“The best clothing for the worst weather”, were the words of an old advertising slogan for Barbour, the famous waxed jacket that has become a symbol of casual wear all over the world.
Wherever you are, in fact – in the countryside for a walk or a hunting expedition, at the seaside or fishing at the lake or in the city doing shopping – if you’re wearing a Barbour you’ll always be judged to be people of good taste, attentive to style and respectful of traditions.
We don’t know the name of the inventor of this ingenious garment, but the first news available to us refers to John Barbour, who founded “J. Barbour & Sons, Tailors and Drapers” in 1894 in South Shields, a town in the North-east of England, to produce rainproof coats and jackets suitable for protecting the fishermen and sailors of the area from the harsh British climate.

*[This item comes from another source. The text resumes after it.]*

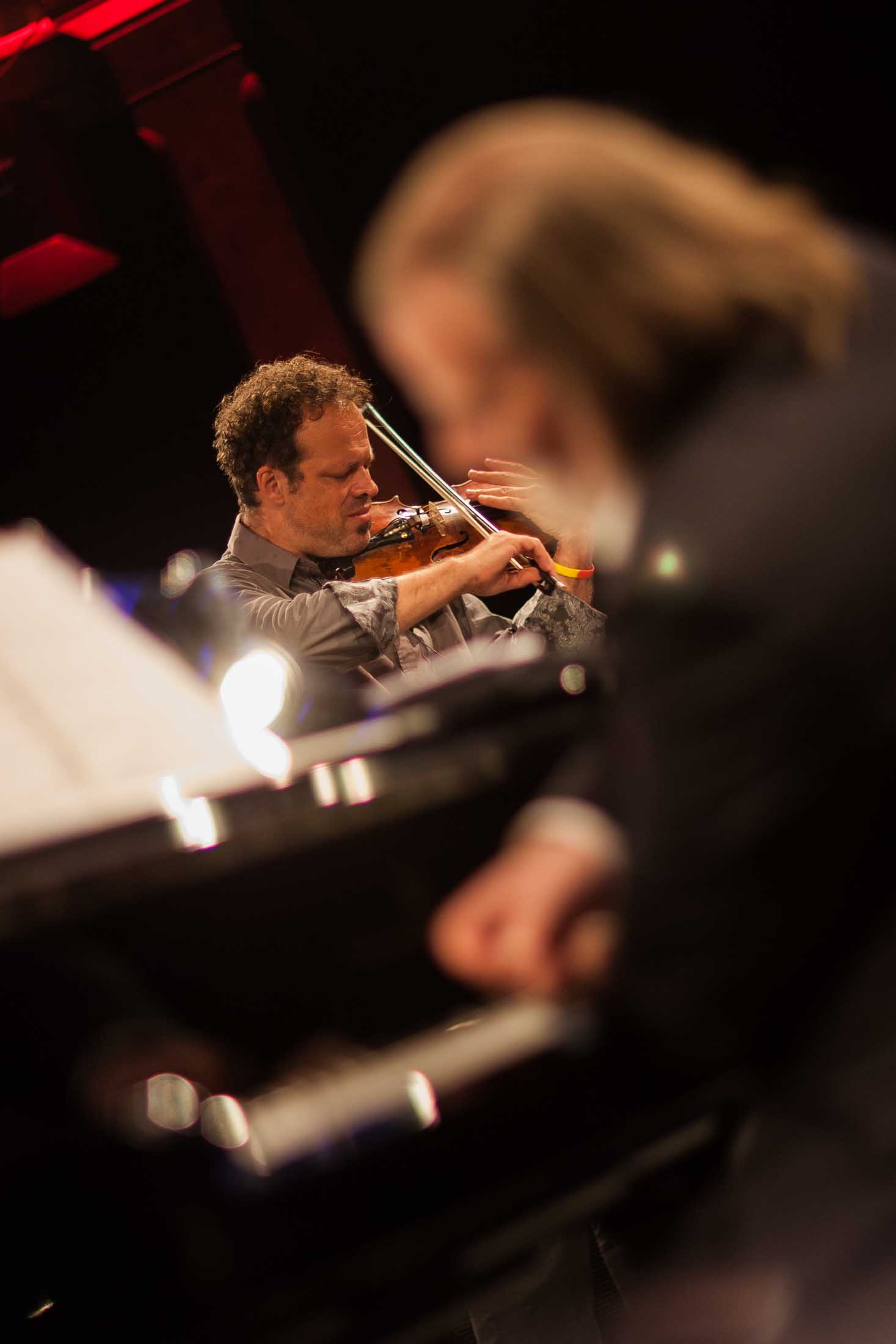 Beirach / Huebner / Mraz - 22. Int. Augsburger Jazzsommer (Foto: Herbert Heim)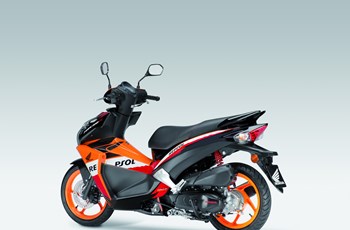 Honda NSC50R 2014 - Bild 8 Honda NSC50R 2014 - Bild 8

More than a century later, the firm founded by John Barbour remains firmly in the hands of the Barbour family and is one of the few British clothing manufacturers to have obtained three times the Royal Warrant, awarded by the Queen for the most exclusive suppliers to the British Royal Household. Unsurprisingly, there is no member of the Windsor family who has not appeared in public wearing a Barbour.
What makes a Barbour unique?
First of all, the THORNPROOF FABRIC, an insulating, rainproof material that keeps out the rain and the cold and is particularly resistant to ripping and the wear and tear of time. It is available in three different qualities: superlight, light and heavy. To produce this material they use long-staple Egyptian cotton, spun in different thicknesses and then specially treated with wax. In the first few weeks of use, at least, a Barbour jacket may be found to be a little oily – a completely normal phenomenon due to the loss of some of its wax finish, but which disappears over time.
Then there’s its SIMPLICITY OF LINE, which makes it extremely practical and comfortable to wear. There are several styles available: the Beaufort, by far the most popular, the longer Border with its large external pockets, the Bedale, also produced in small sizes and much appreciated by horse-riders, the heavy Moorland, created only in olive green, and the Northumbria, heavy and long, and not lined with the typical Barbour Scottish tartan, but with a warmer wool-and-polyester lining in the Hunting McKinnon tartan.
Finally – as always – it’s the details that make the difference.
These are the particular characteristics that have made Barbour a timeless garment – one that ignores the dictates of fashion and is liked by men and woman of any age.



  • corduroy collar: it’s warm, soft and, especially, tough.
  • corrosion-proof zip fastener (the large teeth and the pull-tab are made of brass). It opens and closes without sticking and can be easily grasped even with gloves.
  • pockets: the external ones are bellows pockets of varying sizes, and have rounded corners to avoid wear and tear and possible ripping, while the internal ones are protected by zips and are really very capacious.
  • brass press-studs, with oxidised finish that makes them totally rustproof and corrosion-proof. They will not become detached even after prolonged use and will continue to close properly just as they did on the first day, year after year.
  • thermal quilted lining in high-class fabric, to be added on very cold days.